Furthermore, the implementation uses strict state-change detection during the CRDT merge phase. Nodes only bump the last_updated timestamp if a received payload mathematically mutates the local state, effectively breaking the infinite feedback loops inherent in naïve gossip protocols:

async fn gossip_changes(&self, changes: tonic::Request<GossipChangesRequest>) -> Result<tonic::Response<GossipChangesResponse>, tonic::Status> {
    let key = changes.into_inner().key;
    let remote_crdt = parse_crdt_payload(changes); // PN-Counters, AWSets, LWW-Registers

    self.store.entry(key.clone()).and_modify(|stored_value| {
        // 1. Snapshot state before merge
        let old_state = stored_value.data.clone();
        
        // 2. Apply CRDT Merge (commutative, associative, idempotent)
        stored_value.data.merge(&mut remote_crdt.clone());

        // 3. Strict change detection to halt gossip loops
        if stored_value.data != old_state {
            println!("Merged NEW update for {}", key);
            stored_value.last_updated = SystemTime::now(); 
        } else {
            println!("Ignored redundant update for {}", key);
        }
    }).or_insert_with(|| StoredValue {
        data: remote_crdt,
        last_updated: SystemTime::now(),
    });

    Ok(Response::new(GossipChangesResponse { success: true }))
}

Performance Benchmarks Continuous benchmarking is critical to ensure the merge() operations don't bottleneck the Tokio executors. MergeDB tracks serialization and reconciliation overhead using Criterion.

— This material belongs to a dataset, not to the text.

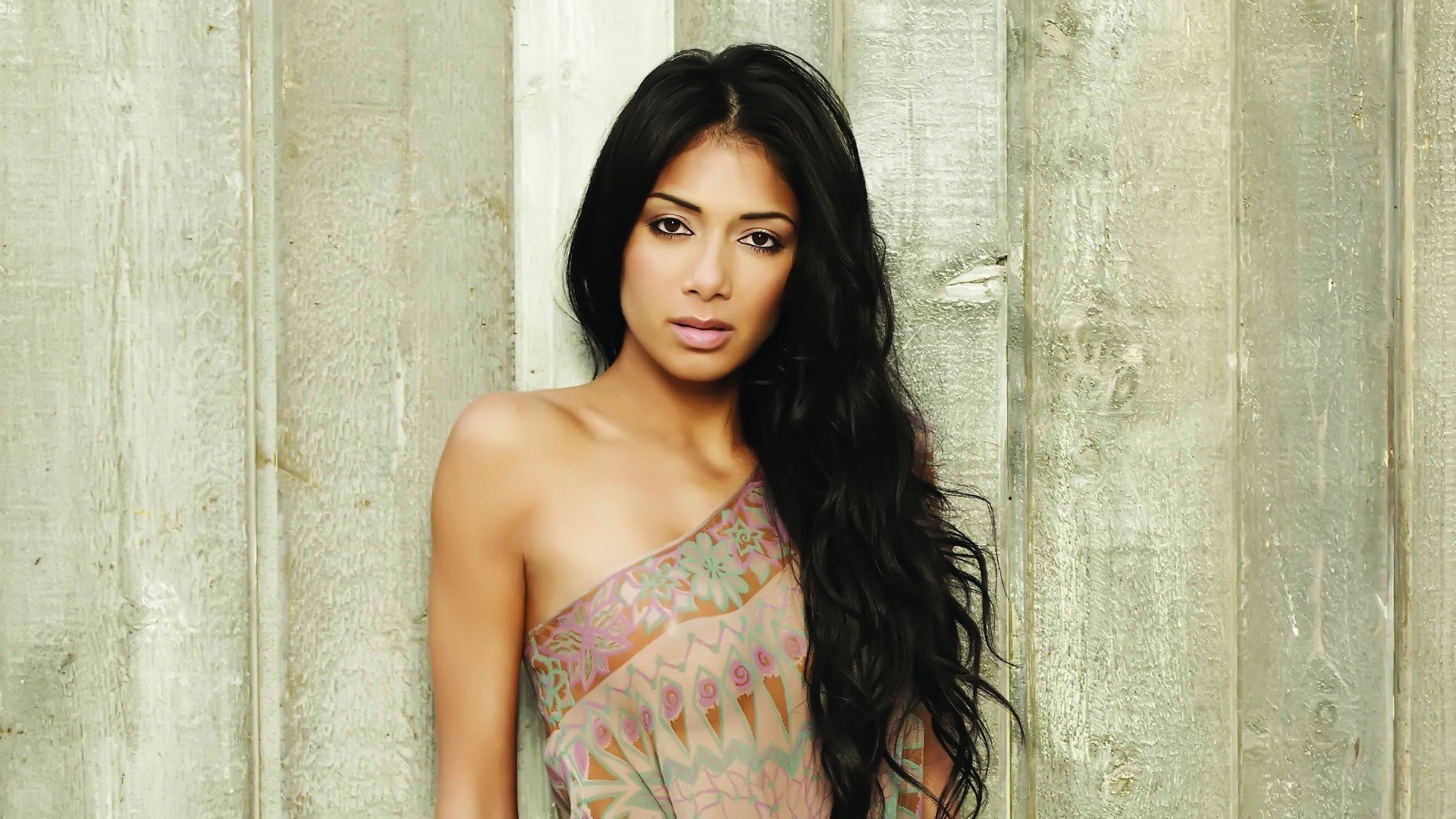 nicole scherzinger wallpaper,hair,beauty,fashion model,black hair,hairstyle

The latest performance reports can be viewed here.


Future Directions

  • Advanced Replication: Maturing the multi-node replication and dynamic peer discovery protocols.
  • Expanded Data Types: Implementing richer CRDT types (like Add-Wins Sets and Maps) beyond standard registers and PN-Counters.
  • Industry Benchmarks: Direct throughput and latency comparisons against Redis and DynamoDB.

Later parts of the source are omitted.